Craig Blomberg suggests that the use of the blood money to buy a burial ground for foreigners in Matthew 27:7 may hint at the idea that "Jesus' death makes salvation possible for all the peoples of the world, including the Gentiles." Other scholars do not read the verse as referring to Gentiles, but rather to Jews who are not native to Jerusalem.

==Examples==
- Blue Plains, in the Anacostia area of Washington, D.C., contains remains of executed international spies including Nazi spies from Operation Pastorius.
- Eloise Cemetery in Westland, Michigan, was used by the Eloise hospital complex; some 7,000 people were buried there between 1894 and 1948.
- Golden Gate Cemetery in San Francisco, California, was used from 1870 to 1909, with some 29,000 burials in sections, one of which was a potter's field.
- Hart Island in the Bronx is New York City's current potter's field and one of the largest cemeteries in the United States, with at least 800,000 burials.
- Holt Cemetery in New Orleans contains the remains of known and unknown early jazz musicians, including Charles "Buddy" Bolden. The battered remains of Robert Charles, at the center of the 1900 New Orleans race riot were briefly interred there, then dug up and incinerated.
- Hudson County Burial Grounds in Secaucus, New Jersey.
- Kings County Cemetery or Kings County Farm Cemetery, Brooklyn, New York City.
- Lincoln Park, on Chicago's North Side, found its origin in the 1840s as Chicago City Cemetery. The southernmost portion of the cemetery, where one may now find a number of baseball fields (north of LaSalle Dr., west of North Avenue Beach), was the location of the City Cemetery potter's field from 1843 to 1871. More than 15,000 people, including 4,000 Confederate soldiers, were buried here on marshy land near the water's edge. The baseball fields have occupied these grounds since 1877.
- Madison Square Park, Washington Square Park and Bryant Park in New York City originated as potter's fields.
- Music Hall in Cincinnati, Ohio was built over a 19th-century potter's field.
- Potter's Field (Omaha) in Omaha, Nebraska
- Queen Lane Apartments. Work on the project was delayed by the discovery of a potter's field on an adjacent plot.
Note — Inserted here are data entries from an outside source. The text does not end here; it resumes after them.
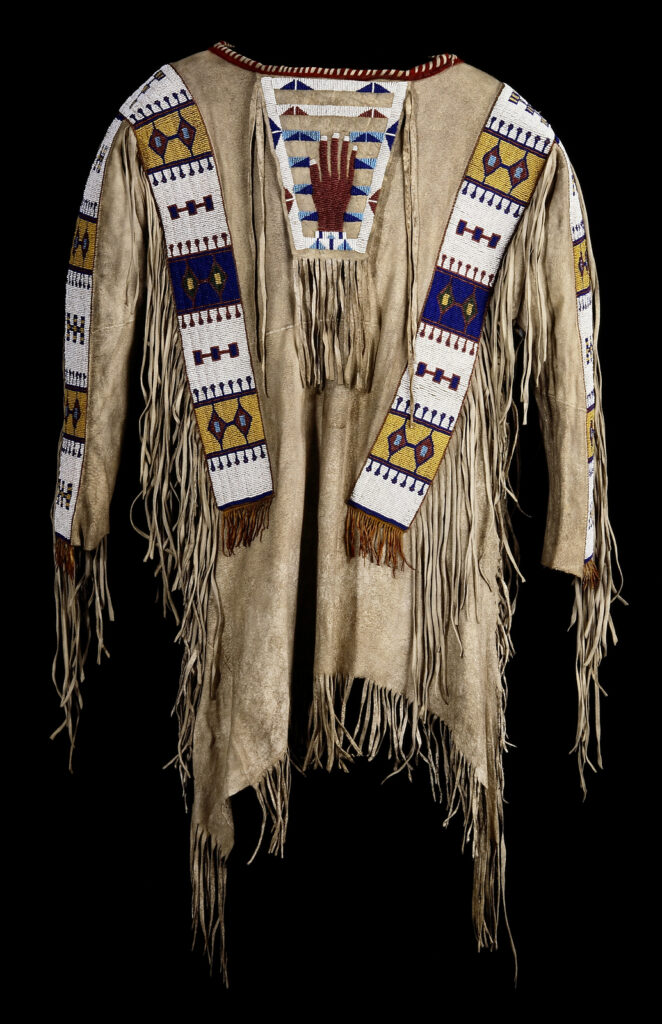 Buckskin beaded shirt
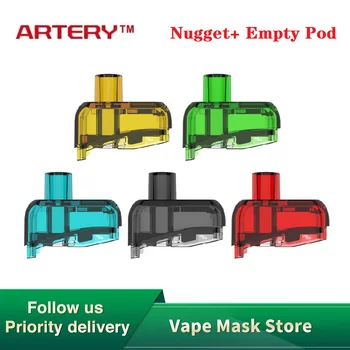 

Original Artery Nugget+ Empty Pod 5ml Cartridge Fit Artery Nugget+ Pod Kit Fit Artery XP Coil/Artery PAL II Coil E-cigarette Pod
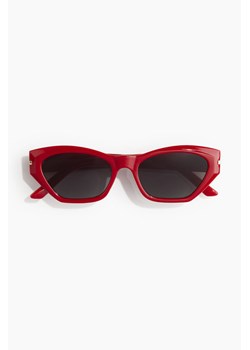 H & M - Okulary przeciwsłoneczne typu „kocie oczy" - Czerwony ze sklepu H&M w kategorii Okulary przeciwsłoneczne damskie - zdjęcie 172647098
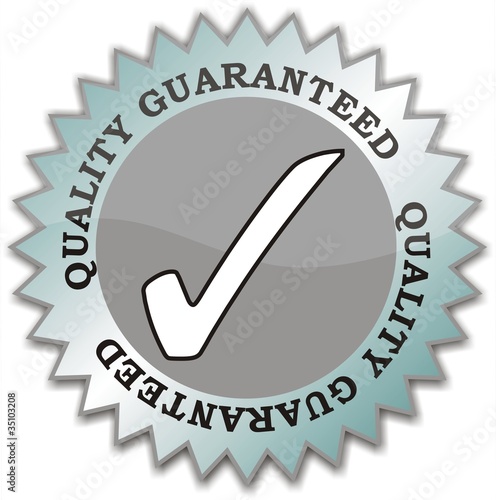 bouton quality guaranteed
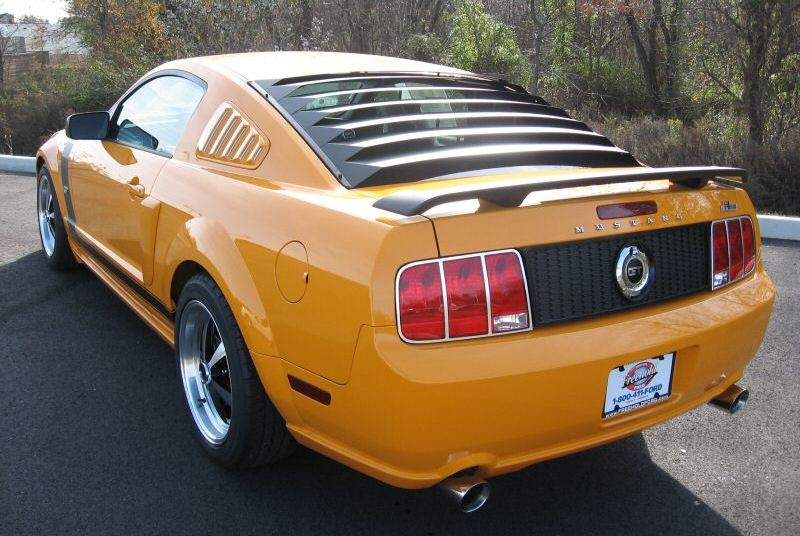 Grabber Orange 2008 Mustang GT with Boss Kit
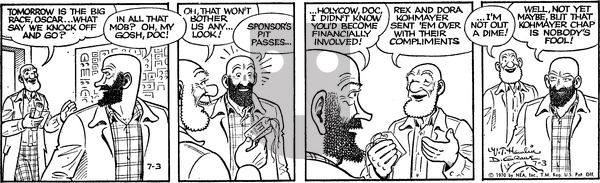 Alley Oop on Friday July 3, 1970 Comic Strip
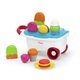 Jucarie de stivuire si creatie, Standul de inghetata, 1-3 ani, Chicco 788496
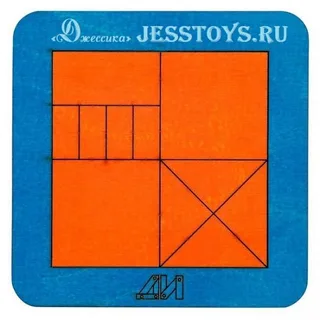 Деревянная головоломка Квадрат (№ДИ2508)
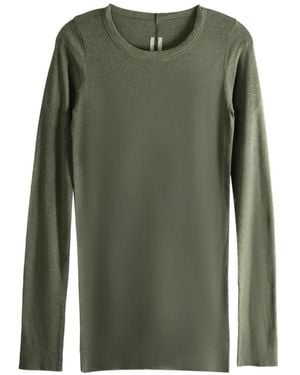 Rick Owens Grüner Leichter Crew Neck Pullover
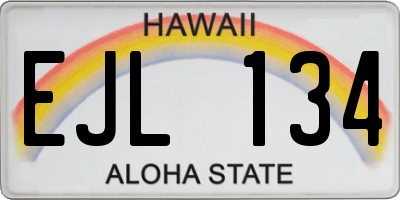 HI license plate EJL134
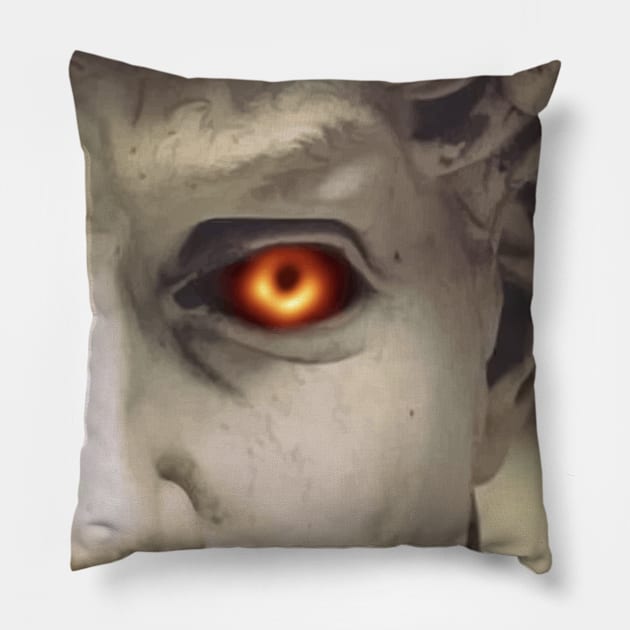 Black Hole David Pillow by Blind Art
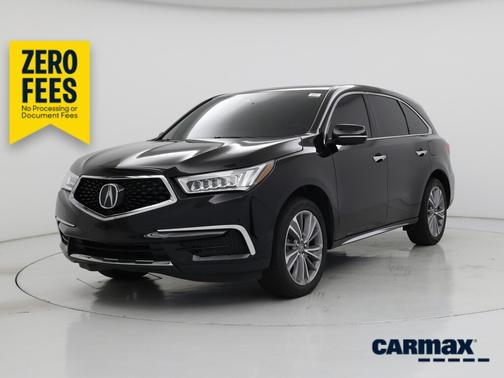 Black 2018 Acura MDX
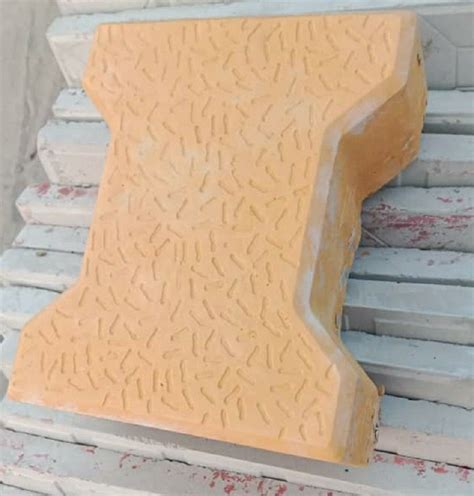 Yellow I Shape Mm Concrete Paver Block For Flooring Dimensions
- Shockoe Hill African Burying Ground in Richmond, Virginia, came to be labeled as Potter's Field on maps in the 1870s. It was/is likely the largest burial ground for free people of color and the enslaved in the United States. The number of estimated interments made between 1816 and 1879 is upwards of 22,000.
- Strangers' Burying Ground, Toronto open from 1826 to 1855 with total 6,685 burials.
- Washington Park (Albany) was the site of the State Street Burying Grounds, a municipal cemetery which included a potter's field. Some maps identify the section as the "strangers" burial ground.
- Washington Square (Philadelphia)
- Puticuli, an ancient Roman mass grave for poor people and waste.
- The Green Bay, WI Potter's Field was neglected and forgotten until 2014, when VFW Post 9677 launched a fundraising campaign, spruced up the area, and identified many of the 296 people buried there from 1853 to 1973. The City Public Works now maintains the property.
- Harris County Cemetery in Houston
- Harris County Eastgate Cemetery in unincorporated Harris County, near the Crosby census-designated place and with a Crosby mailing address.